At Iowa State University, astrophysicist Guillermo Gonzalez was refused tenure, despite a spectacular research publication record, because of a book he co-authored arguing that life is no cosmic accident.

At the Smithsonian Institution, supervisors harshly penalized evolutionary biologist Richard Sternberg for editing a pro–intelligent design essay in a peer-reviewed technical-biology journal.

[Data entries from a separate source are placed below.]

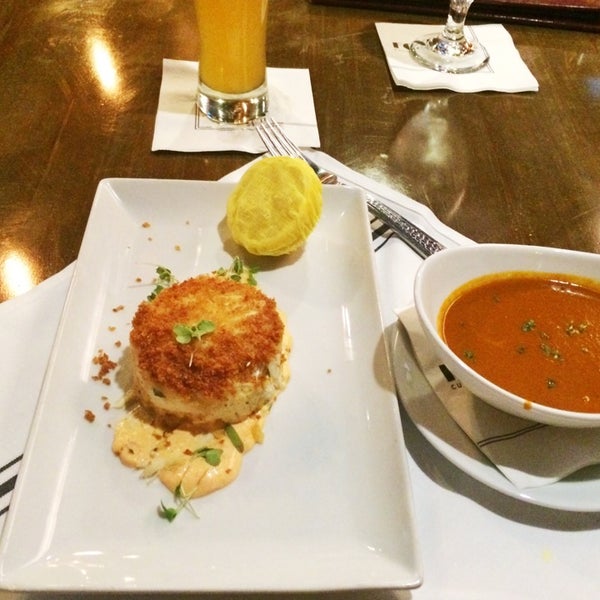 Foto scattata a Foxhole Culinary Tavern da AustinPixels il 1/1/2015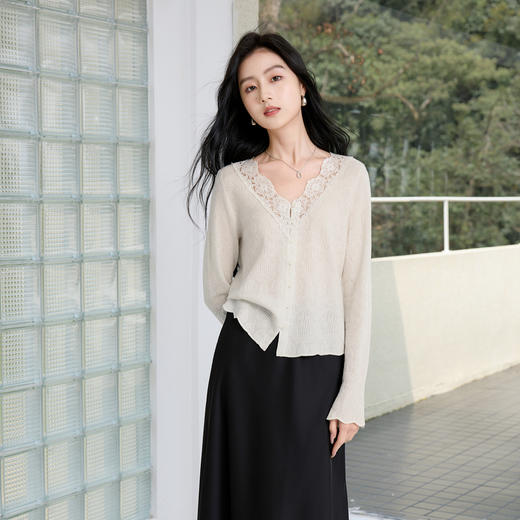 三彩2025秋季新款V领蕾丝提花针织衫打底毛衫长袖开衫温柔风S 商品图1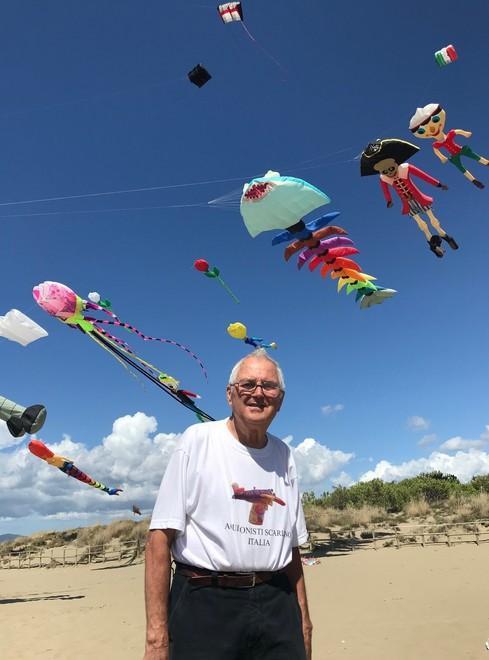 Aquiloni, bici e kitesurf: arrivederci estate con un evento tra aria, terra e acqua 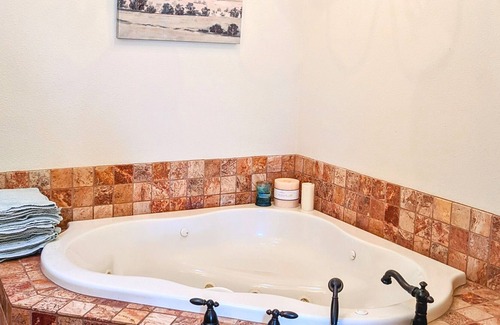 Sierra Vista Southeast House | Gorgeous Spanish Style Home with Jacuzzi tub and fireplace
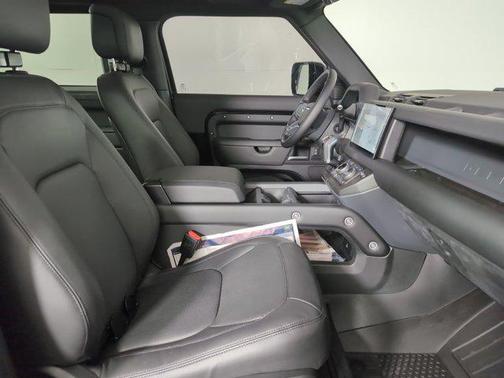 2025 Land Rover Defender 90 P400 X-Dynamic SE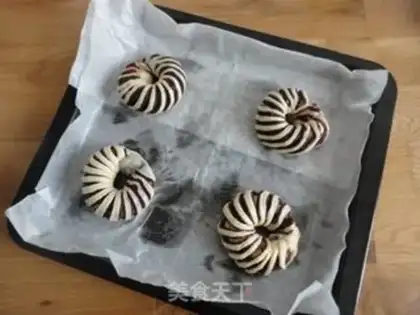 Make Bean roll bread step 6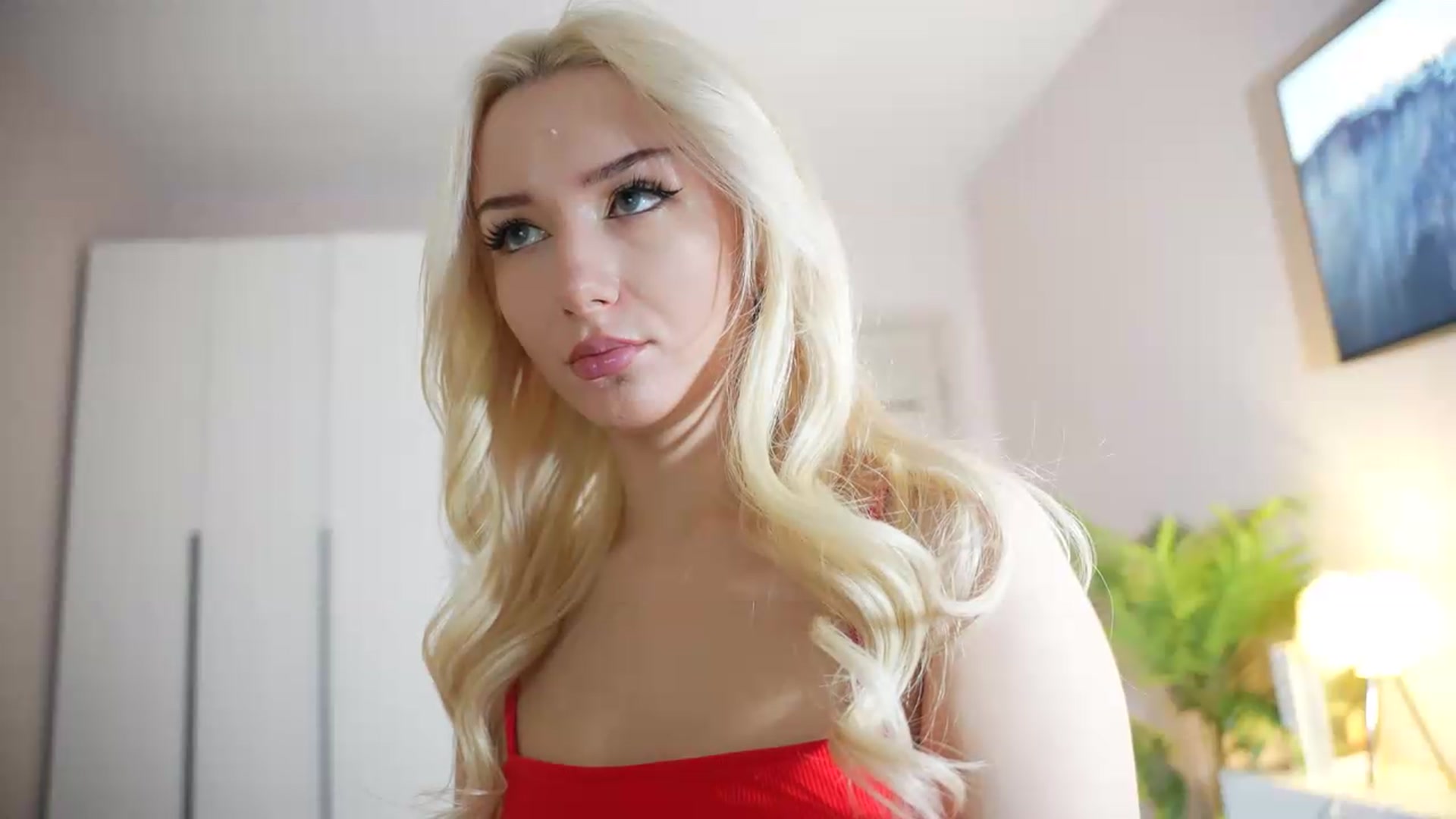Gallery image thumbnail from Catch_Me's myfreecams stream on, 09/08/2026, 16:34 image 2 of 20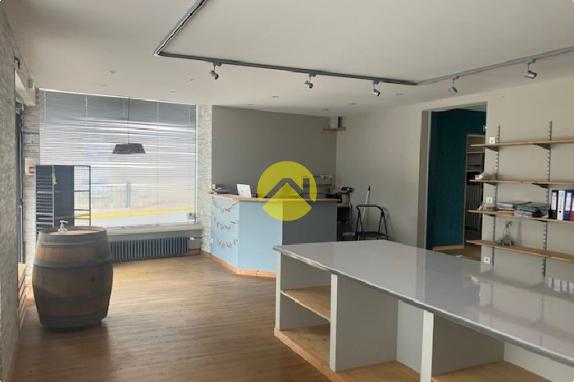 Maison avec local commercial 120 m²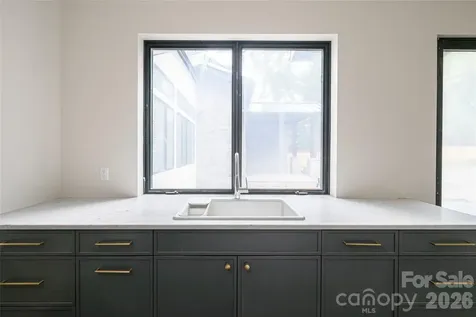 33 Busbee Road Asheville NC 28803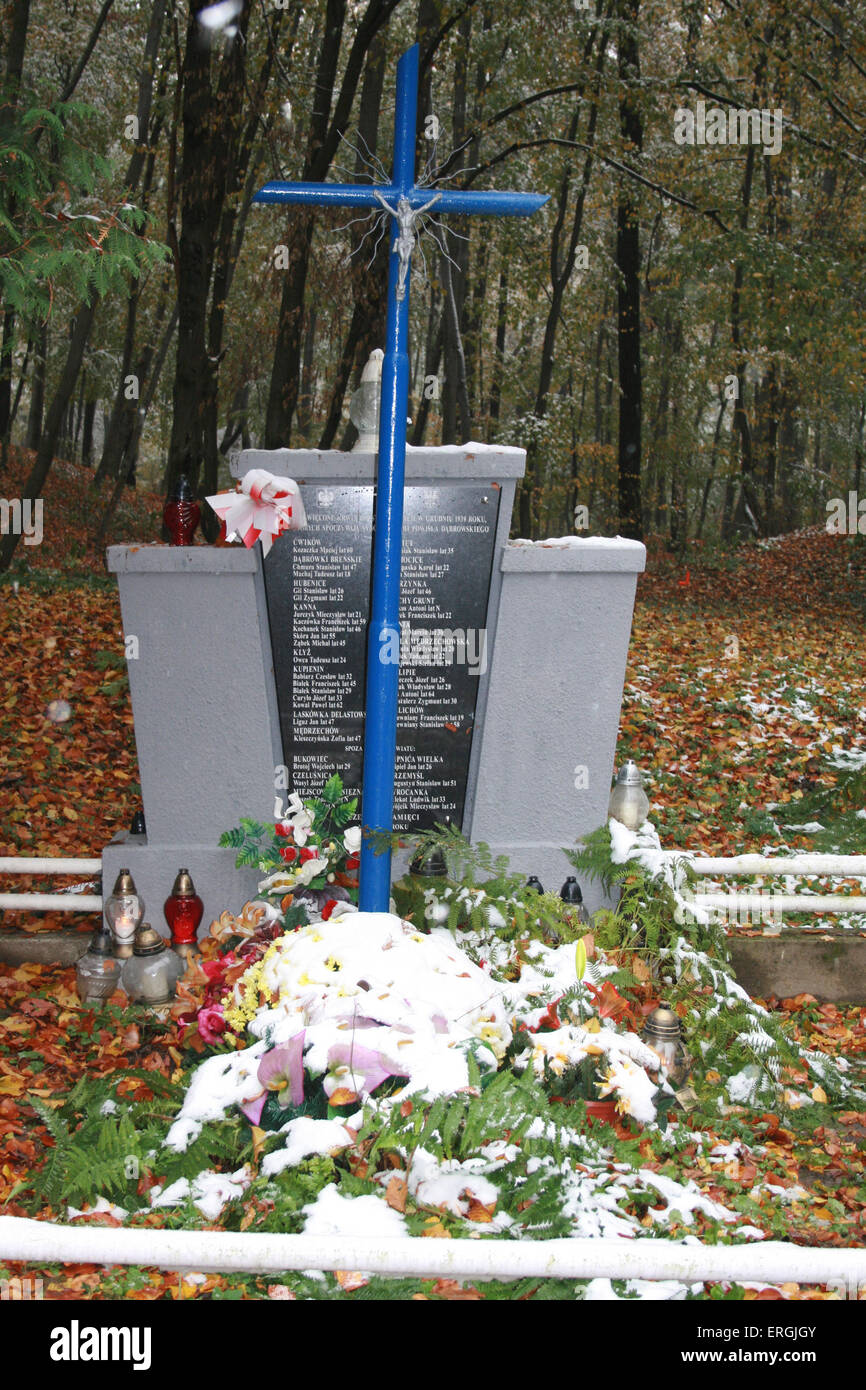 La sepoltura pit delimitate da ringhiere in bianco con croce e ghirlande dove il polacco i cristiani dalla zona di Tarnów sono stati uccisi nel giugno 1942. Essi sono stati eseguiti in box nella foresta di Buczyna vicino Zbylitowska Góra. Foto Stock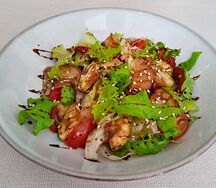 Салат с индейкой и овощами
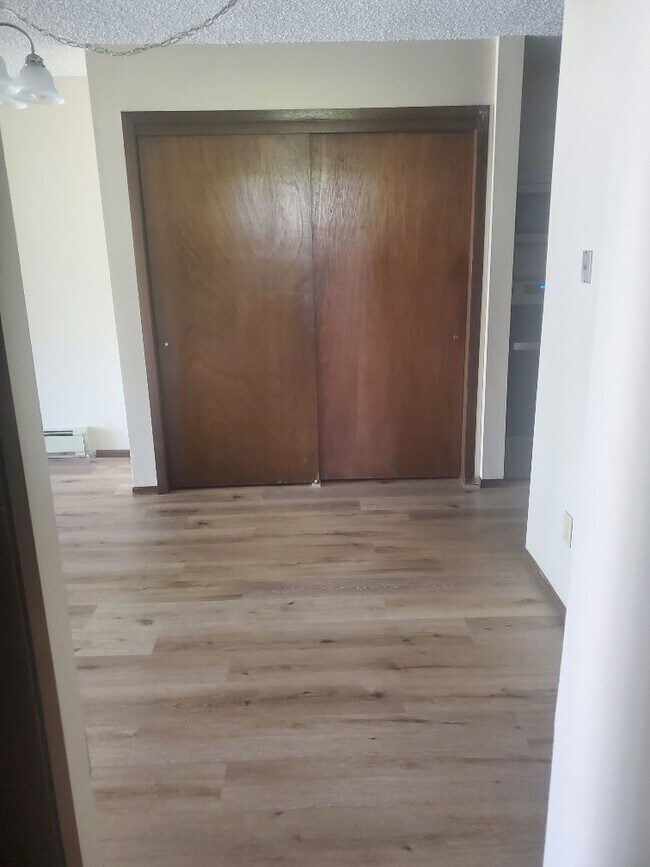 Building Photo - 3146 Lakeside Dr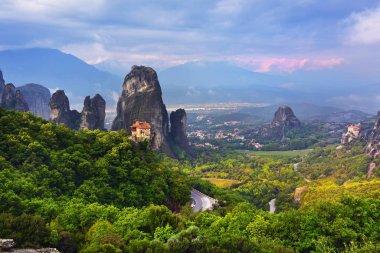  Meteora Peyzaj ve Manastırı Roussanov üzerinde ön plan, Yunanistan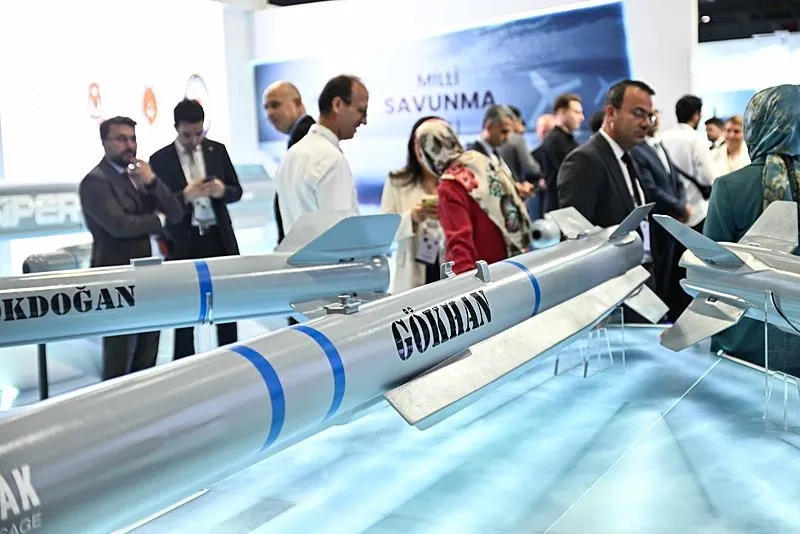 TÜBİTAK, milli ramjet motorlu hava-hava füzesi GÖKHAN'ı ilk kez sergiledi. (AA)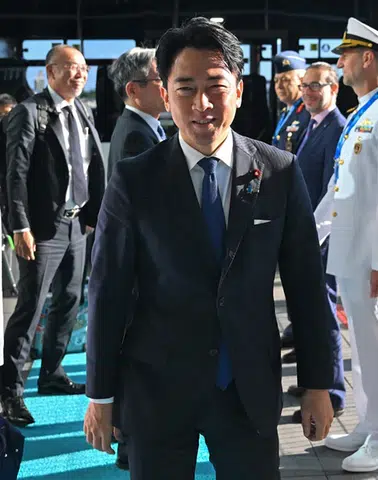 Japon Bakan Koizumi'nin Ankara'da Su Şaşkınlığı: "Önce Mum Sandım"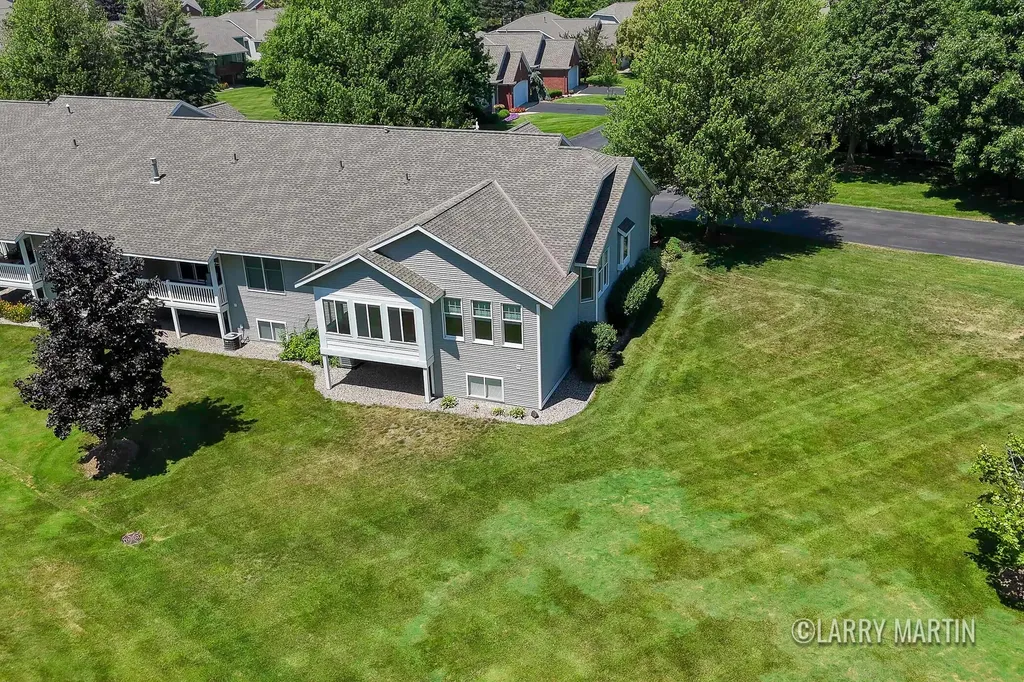 6010 Heritage Meadow Drive Laketown Township MI 49423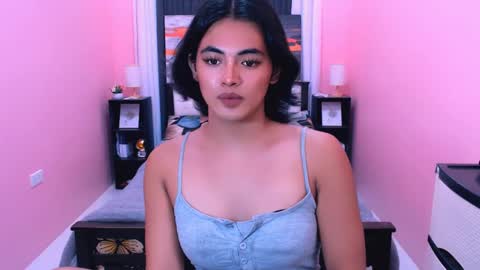 Snapshot of asianverstwink chatting on May 2026 06:37:02 PM asianverstwink online show from May 2026 06:37:02 PM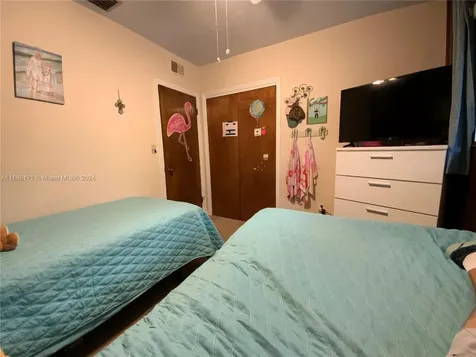 9221 SW 165th Street Palmetto Bay FL 33157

The U.S. Office of Special Counsel examined the 2005 case, finding that Smithsonian colleagues investigated his religious beliefs and created a “hostile work environment” aimed at “forcing [him] out.”

Similar incidents have occurred at the University of Idaho, George Mason University, and Baylor University.
Such heresy-hunting has the effect of intimidating skeptical scientists who are in increasing numbers growing doubtful of materialist dogma. The Darwinian materialists find the intelligent design arguments difficult to counter so they're seeking to stifle and repress them by making their proponents afraid to speak out for fear of losing their job or future promotions.

This is, of course, how the losing side, or at least the side that deserves to lose, always behaves. Like dictators in the Middle Eastern countries we read about in today's news, materialistic Darwinists have long managed to suppress opposition by exercising a kind of tyranny over what will be allowed to be said and taught. Now, however, they find their power and authority fading with almost every new discovery, and, like those Middle Eastern despots, they're striving desperately to stave off the collapse of their belief system by ratcheting up the repression.

It may work for a while, but eventually the despots and dogmatists will pass on and those who succeed them will wonder how their theories and arguments could ever have had such a tenacious hold on them.